__WHAT TO WORK ON__
The lines below, from the one containing "Vintage Bare Knuckles Boxing Iron - BRONZE" through the one containing "D.A.T.E. Damen, Schuhe, Weiß, 36", should be set down exactly, with no pictures and nothing else.
== INFORMATION PROVIDED
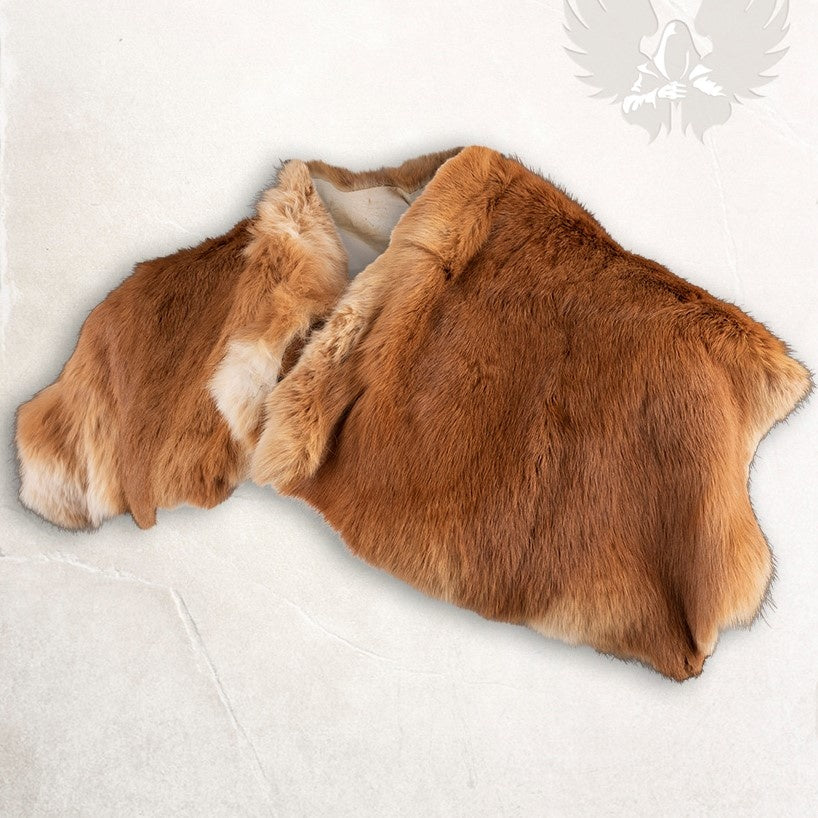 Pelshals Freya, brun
====
== INFORMATION PROVIDED
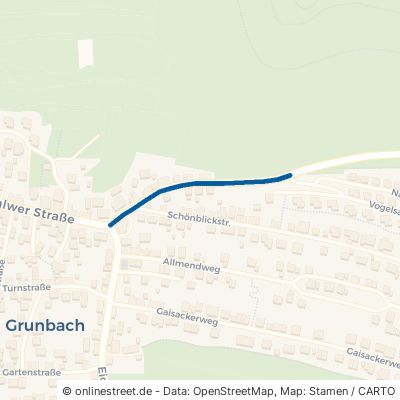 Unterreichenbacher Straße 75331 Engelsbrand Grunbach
====
== INFORMATION PROVIDED
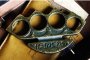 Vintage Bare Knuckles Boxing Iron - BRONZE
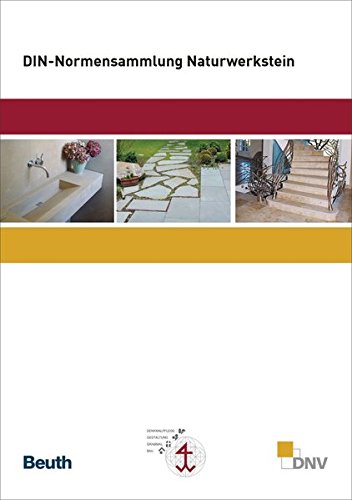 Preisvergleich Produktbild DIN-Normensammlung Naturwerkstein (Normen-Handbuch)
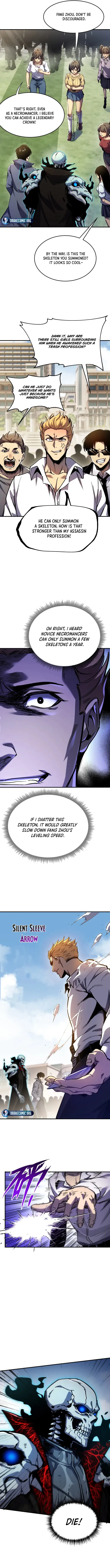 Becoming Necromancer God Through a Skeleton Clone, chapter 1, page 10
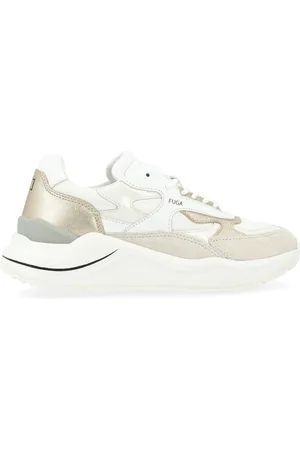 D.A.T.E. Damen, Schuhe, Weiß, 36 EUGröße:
====
__EXERCISE ANSWER__
 Vintage Bare Knuckles Boxing Iron - BRONZE
 Preisvergleich Produktbild DIN-Normensammlung Naturwerkstein (Normen-Handbuch)
 Becoming Necromancer God Through a Skeleton Clone, chapter 1, page 10
 D.A.T.E. Damen, Schuhe, Weiß, 36 EUGröße:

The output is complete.